巨匠J・D・カーに憧れ、自ら密室殺人を企てる青年。
クイーン顔負けの論理で謎を解く老人。
身に覚えのない手紙を受け取ったアメリカ在住のワトスン。
ユーモラスな結末の表題作をはじめ、「エラリー・クイーンを読んだ男」、「コナン・ドイルを読んだ男」等、ミステリへの深い愛情とあざやかな謎解き、溢れるユーモアで贈る<〜を読んだ〜>シリーズ全十一編。
付録として、チャールズ・ディケンズの愛読者が探偵として事件に挑む「うそつき」等三編を収録。EQMMの常連作家ブリテンによる、珠玉のパロディ群をご堪能あれ。



これはとてもいい短編集。


表題作「ジョン・ディクスン・カーを読んだ男」は十人読んだら十人が「馬鹿だなぁ」と、とてもイイ笑顔を浮かべられる素敵極まりないバカミスの極北とも言える作品なのですが・・・。いや、ワシこの短編はその昔、別のアンソロジーで読んだことがあってですね、そのインパクトが強かったので「他の作品も狂ったバカミスばっかりなんだろ?」と思ってたんですよ。でもその期待は良い意味で裏切られてしまった罠。他の収録作は実にまっとうなパロディかつ本格スピリット溢れる作品ばかりで、なんかもう読んでて「ブリテンは本当にミステリ好きなんだなぁ」とワシ思わず感動すら覚えてしまいましたぜ。
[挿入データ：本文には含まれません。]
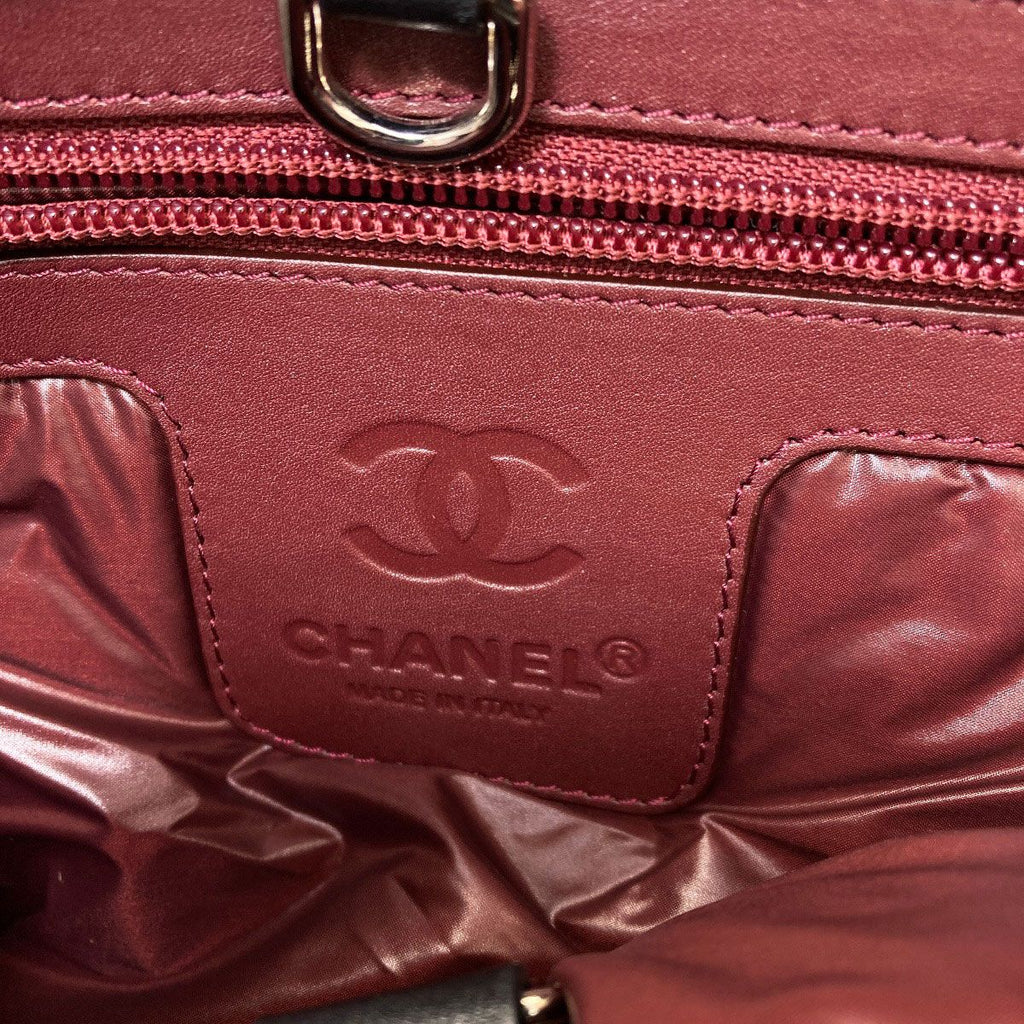 Chanel Coco Cocoon Tote Bag Nylon — view 6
「エラリー・クイーンを読んだ男」の堂々たるクイーンらしさや、「ダシール・ハメットを読んだ男」のラストの文章、「アイザックアシモフを読んだ男たち」のタイトルだけでどんなオチを迎えるかわかりそーなベタな話、「読まなかった男」の奇妙(?)な味、「アガサ・クリスティを読んだ少年」の微笑ましさ、その他どれをとっても素晴らしいとしか言いようがありませぬ。付録として収録されたノンシリーズの3作もかなりのクオリティだし、ほんとこれはいい短編集。論創社ぐっじょぶだっ!


別に元ネタ知らなくても楽しく読めるので、興味がある方はお気軽に手を出してみるといかがでしょうか。大丈夫、ワシも元ネタ知らんのいくつかあったよ(;´Д`)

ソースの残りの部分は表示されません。